# Task brief:
The lines below, beginning at the one that contains "[Used] PENTAX AF-540FGZ Auto Strobe" and ending at the last, are to be retyped exactly.

*** Opening Record extracts ***

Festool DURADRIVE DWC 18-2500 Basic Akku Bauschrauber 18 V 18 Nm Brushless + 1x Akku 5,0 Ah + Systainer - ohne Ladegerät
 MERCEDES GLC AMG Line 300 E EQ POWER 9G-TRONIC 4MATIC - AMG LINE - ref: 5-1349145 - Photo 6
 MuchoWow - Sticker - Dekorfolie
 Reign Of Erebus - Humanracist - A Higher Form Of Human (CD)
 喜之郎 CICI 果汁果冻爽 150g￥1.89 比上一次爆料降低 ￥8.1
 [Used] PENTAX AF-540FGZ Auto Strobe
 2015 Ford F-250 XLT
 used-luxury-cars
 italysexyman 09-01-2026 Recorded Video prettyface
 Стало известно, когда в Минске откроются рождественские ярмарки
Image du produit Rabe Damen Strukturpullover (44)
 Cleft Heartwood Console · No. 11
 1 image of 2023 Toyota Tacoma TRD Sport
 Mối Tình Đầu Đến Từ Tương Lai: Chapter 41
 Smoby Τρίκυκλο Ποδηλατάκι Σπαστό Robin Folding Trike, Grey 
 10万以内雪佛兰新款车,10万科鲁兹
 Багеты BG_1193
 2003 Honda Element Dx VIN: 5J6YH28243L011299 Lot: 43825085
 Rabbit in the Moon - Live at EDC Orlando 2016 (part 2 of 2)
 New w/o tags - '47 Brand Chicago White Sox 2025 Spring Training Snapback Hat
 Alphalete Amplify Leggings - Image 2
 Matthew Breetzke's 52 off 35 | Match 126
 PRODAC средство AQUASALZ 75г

*** Closing Record extracts ***

# Task output:
 [Used] PENTAX AF-540FGZ Auto Strobe
 2015 Ford F-250 XLT
 used-luxury-cars
 italysexyman 09-01-2026 Recorded Video prettyface
 Стало известно, когда в Минске откроются рождественские ярмарки
Image du produit Rabe Damen Strukturpullover (44)
 Cleft Heartwood Console · No. 11
 1 image of 2023 Toyota Tacoma TRD Sport
 Mối Tình Đầu Đến Từ Tương Lai: Chapter 41
 Smoby Τρίκυκλο Ποδηλατάκι Σπαστό Robin Folding Trike, Grey 
 10万以内雪佛兰新款车,10万科鲁兹
 Багеты BG_1193
 2003 Honda Element Dx VIN: 5J6YH28243L011299 Lot: 43825085
 Rabbit in the Moon - Live at EDC Orlando 2016 (part 2 of 2)
 New w/o tags - '47 Brand Chicago White Sox 2025 Spring Training Snapback Hat
 Alphalete Amplify Leggings - Image 2
 Matthew Breetzke's 52 off 35 | Match 126
 PRODAC средство AQUASALZ 75г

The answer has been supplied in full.